When Our Seeking Goes Astray

Gary Henry


“Jesus answered them and said, ‘Most assuredly, I say to you, you seek Me, not because you saw the signs, but because you ate of the loaves and were filled. Do not labor for the food which perishes, but for the food which endures to everlasting life, which the Son of Man will give you, because God the Father has set His seal on Him’” (John 6:26,27).


AT THE HEIGHT OF HIS POPULARITY, JESUS HAD NO LACK OF “SEEKERS,” BUT MANY OF THOSE WHO SOUGHT HIM DID SO FOR WORLDLY REASONS. After He miraculously fed the five thousand, the multitude came back the next day. On that day, however, Jesus did not feed them with loaves and fishes. Rather than another meal, what the crowd got from Jesus was an encouragement to elevate their concept of what He had come into the world to give them. He exhorted them, “Do not labor for the food which perishes, but for the food which endures to everlasting life.”
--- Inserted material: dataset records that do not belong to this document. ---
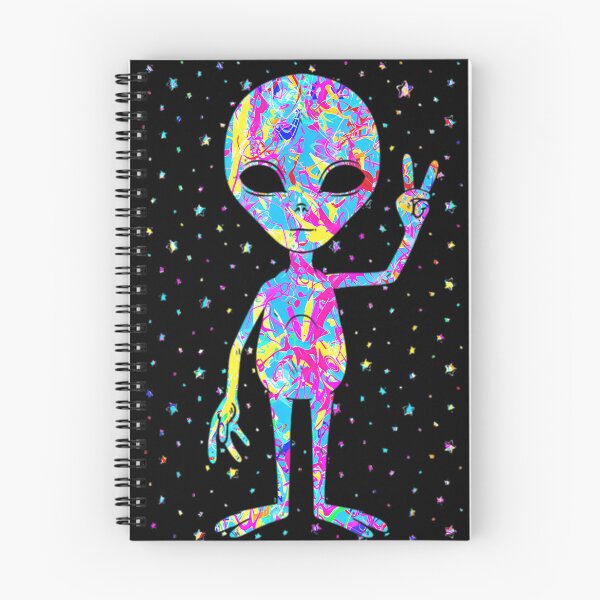 Item preview, Funny Retro Groovy Alien Shirt designed and sold by RetroGalaxies.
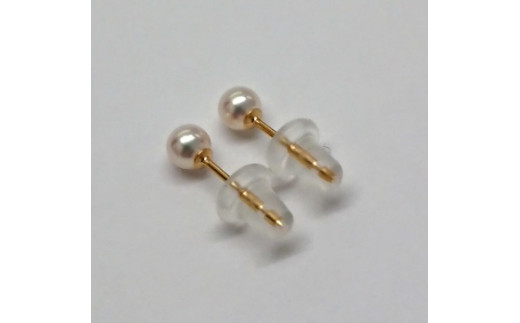 596 アコヤ真珠K18ピアス　ベビーパール3.5mmup ピアス 真珠ピアス パールピアス 真珠 K18 ゴールド 18金 アコヤ真珠 あこや真珠 アコヤパール ベビーパール 3.5mm パール 3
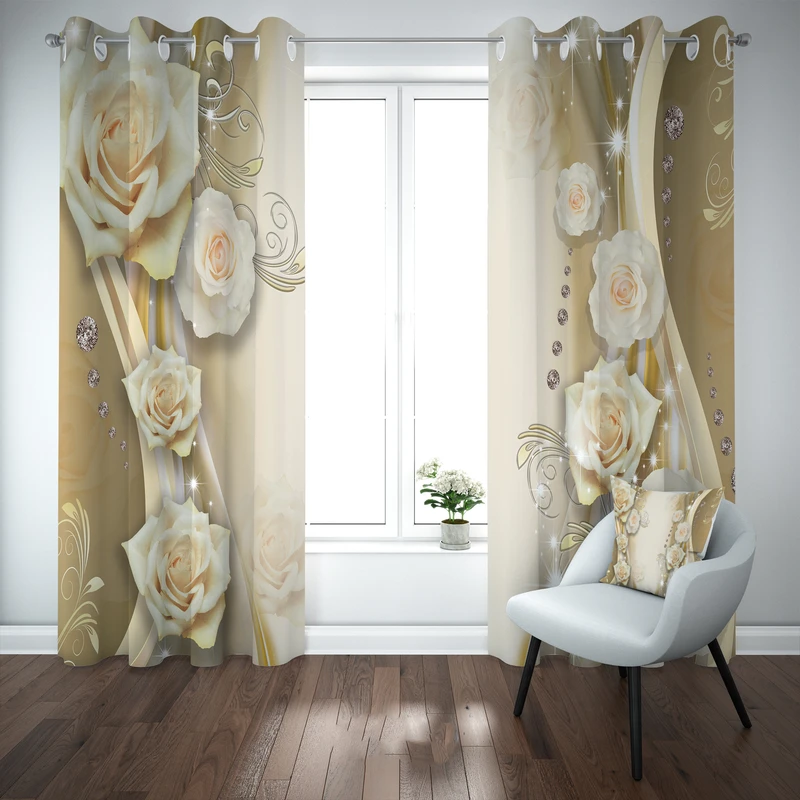 پرده مدل b2534 سایز 140×280 سانتی متر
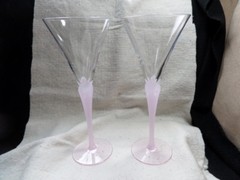 Elegant Art Glass Wedding Champagne Toasting Glasses Crystal – New were $200!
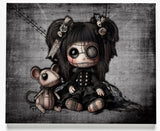 Little stitch -Old Friends - Rat Canvas Art Print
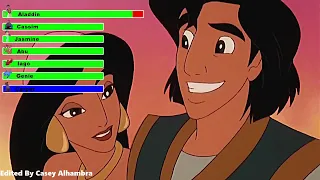 Aladdin and the King of Thieves (1996) Final Battle with healthbars 2/2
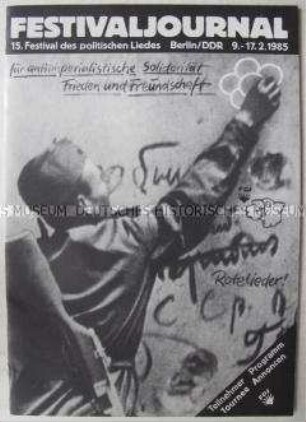 Sonderdruck zum 15. Festival des politischen Liedes in Berlin 1985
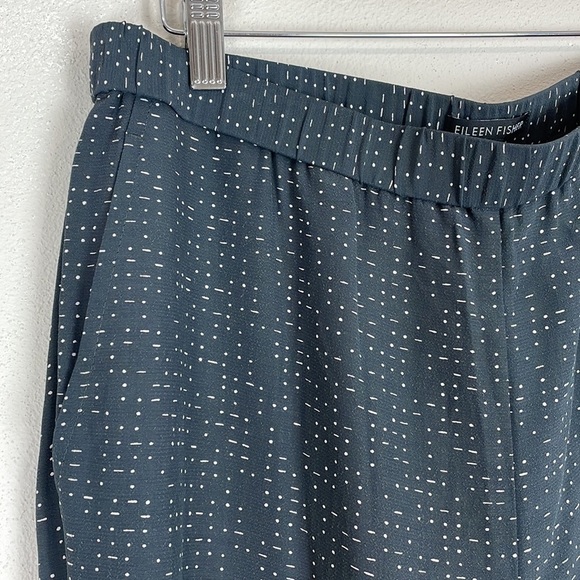 Eileen Fisher Morse Code Slouchy Ankle Pant - Picture 4 of 10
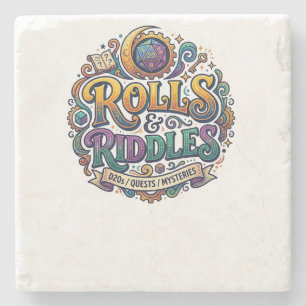 Rollen en Raadsels Stenen Onderzetter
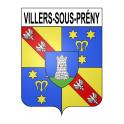 Pegatinas escudo de armas de Villers-sous-Prény adhesivo de la etiqueta engomada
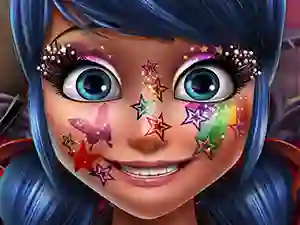 Ladybug Glittery Makeup — free online game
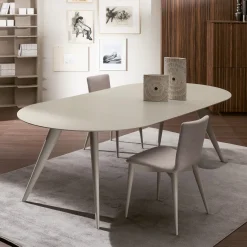 Tavolo da pranzo rotondo allungabile Elegance di Fabio Rebosio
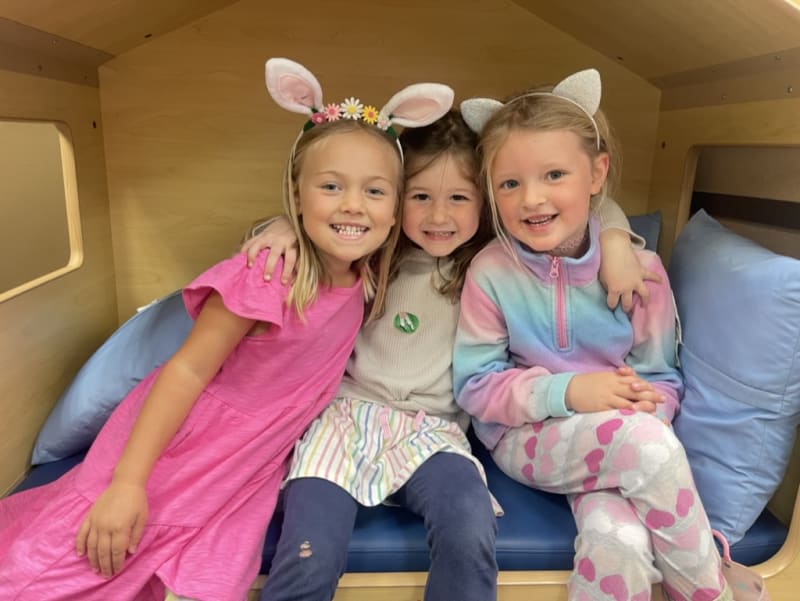 three TK students at Palmquist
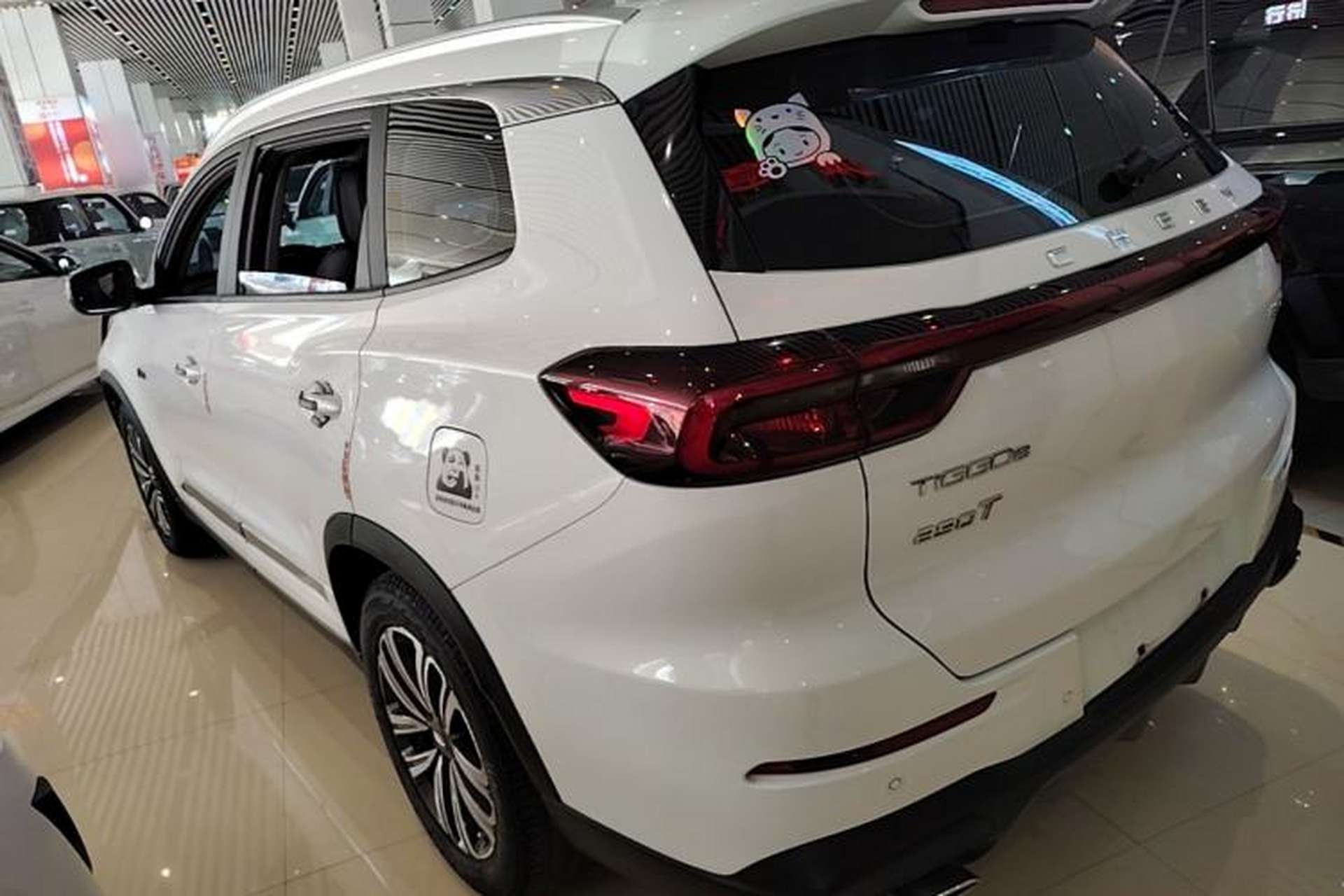 Used Chery Tiggo 8 2021 Kunpeng Edition 290TGDI Automatic Zhubfeng+ Version Rear Left 45 Deg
What this tells us is that even when we are seeking God, our seeking can go astray. Just when we begin to believe that we are seeking Him, we may look into our hearts and see that what we’re really seeking is the procurement of certain physical blessings. He has blessed us in the past, and we’ve greatly enjoyed His blessings. And so we return just as the multitude did, seeking Him the next day. But is it God whom we seek or have we returned to Him because we “ate of the loaves and were filled”?


The danger of concentrating on “the food which perishes” is that too little of our hearts is left over with which to focus on God. As Charles Spurgeon said, “A man’s heart has only enough life in it to pursue one object fully.” To whatever extent we seek the food that perishes, that much less energy will be available for seeking “the food which endures to everlasting life.”


It simply cannot be said too often: we must seek God with our WHOLE HEARTS. It is a SINGLE-MINDED focus on our Heavenly Father that will ultimately get us where we want to be: “Blessed are the pure in heart, for they shall see God” (Matthew 5:8). So however tempting it may be to devote ourselves to temporal needs and enjoyments, we must not let our seeking go astray. If it is not God whom we seek, then our seeking is bound to come to a bad end.


“God designed the human machine to run on himself. He himself is the fuel our spirits were designed to burn, or the food our spirits were designed to feed on. There is no other. That is why it is just no good asking God to make us happy in our own way” (C. S. Lewis).